The California mudslide that killed at least 19 people is causing distress miles from where the torrent of muck and boulders stopped, as a local economy that thrives on tourism and the lure of sun-soaked beaches was left reeling.
On a postcard-perfect afternoon, the Santa Barbara Shellfish Company would normally be bustling with lunchtime diners downing fried calamari and lobster tacos, especially on the cusp of a holiday weekend.
"We would be smashing right now," said manager Sean Johnson, referring to a typical Friday crowd at the restaurant on the edge of Santa Barbara Harbor.
But with the 101 Freeway clogged with mud and debris, cutting off traffic from Southern California, "There is hardly anybody in here," Johnson lamented.
"The big hit," he said, "is people can't get up here from L.A."
As searchers continued to look for bodies in the thick mud and evacuations remained in effect, the economic damage ranged up and down the coast, far from where the mudslide ravaged the celebrity getaway of Montecito.
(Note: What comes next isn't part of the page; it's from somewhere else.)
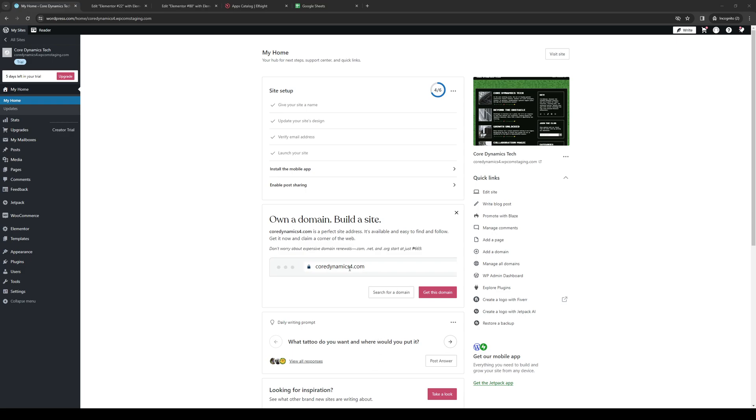Hey everyone and welcome back to the channel. So in today's video I'll be teaching you guys how to properly add a Google Sheets as an embed widget for your WordPress website using the Elementor plugin from scratch. So without further ado let's dive right in.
In affluent Summerland, just east of where the mudflow cut a swath through homes and businesses alike, a liquor store with its door open was a lonely outpost. Restaurants and hotels were dark in Montecito, where 65 homes were destroyed, hundreds more damaged and power and water shut off.
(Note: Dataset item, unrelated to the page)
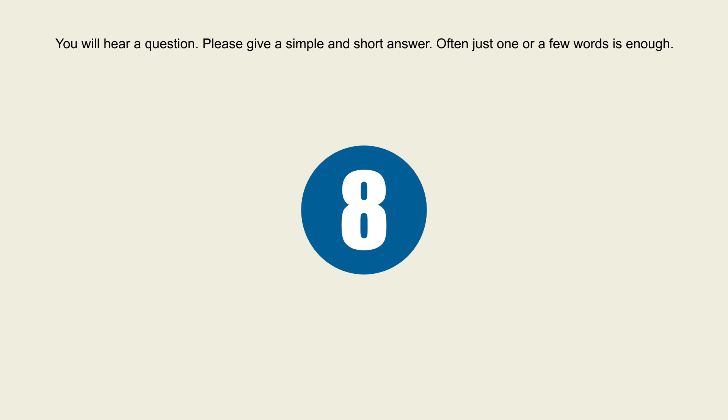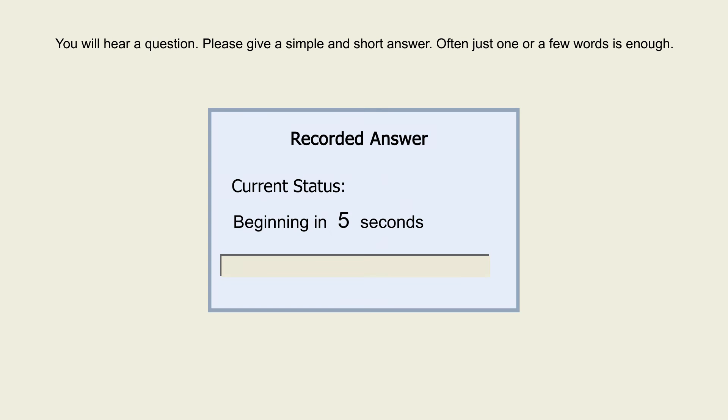8. What do you call the first story of a building, basement or ceiling?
The historic San Ysidro Ranch, where President John F. Kennedy and his wife honeymooned, was heavily damaged.
Santa Barbara is a tourist magnet, attracting visitors to its famous beaches and trendy restaurants. But on Friday there were plenty of seats at eateries, pedestrian traffic was unusually light and parking spaces were often empty.
Mark Schniepp, director of the California Economic Forecast, said the area is being shaken by a three-pronged problem: Tourists aren't coming in their usual numbers, residents have been forced to move out and thousands of workers can't get to their jobs.
He said some 12,000 daily commuters drive into Santa Barbara from the south, a route now blocked. Those people aren't buying lunch or coffee or filling up the gas tank on the way to work.
Residents are uprooted, the dollars they would pump into the economy gone with them. January is not high tourism season in Santa Barbara, but now-closed seaside hotels typically lure crowds throughout the year.
Making matters worse, the area recently witnessed a monster wildfire that torched homes and sent clouds of ash and smoke into communities. Meanwhile, beaches were closed to swimming, after health officials said mud and runoff from heavy rains contained unknown amounts of sewage and contaminants.
"The stigma that we have right now, it's flooded, it's burned, there is mud everywhere. That is not going to be helpful with tourists," Schniepp added.
The economy will eventually recover, starting when the freeway reopens, possibly as early as Monday.
"Once the freeway opens up, fingers crossed, we are counting on bouncing back," said Johnson, the restaurant manager, who has had to cut back on workers in the meantime, while dealing with delayed produce deliveries.
But it's not known when many residents in Montecito can return, and widespread damage is likely to take months or longer to repair.
Ken Oplinger, who heads the Santa Barbara Region Chamber of Commerce, said the combination of the wildfire and the mudslide could doom some smaller businesses.
The threat, when tourists stay away: "You just don't have the cash flow to continue," he said.
Patrick Casey, owner of the State & Fig restaurant in downtown Santa Barbara, said he's worried but expressed confidence that his business, and the community, will snap back.
During the fires, the restaurant lost holiday parties and customers, but they made adjustments. If needed, they will again, he said.
"This whole experience has been humbling," Casey added.
"We're really hoping once the dust settles, there will be new life here."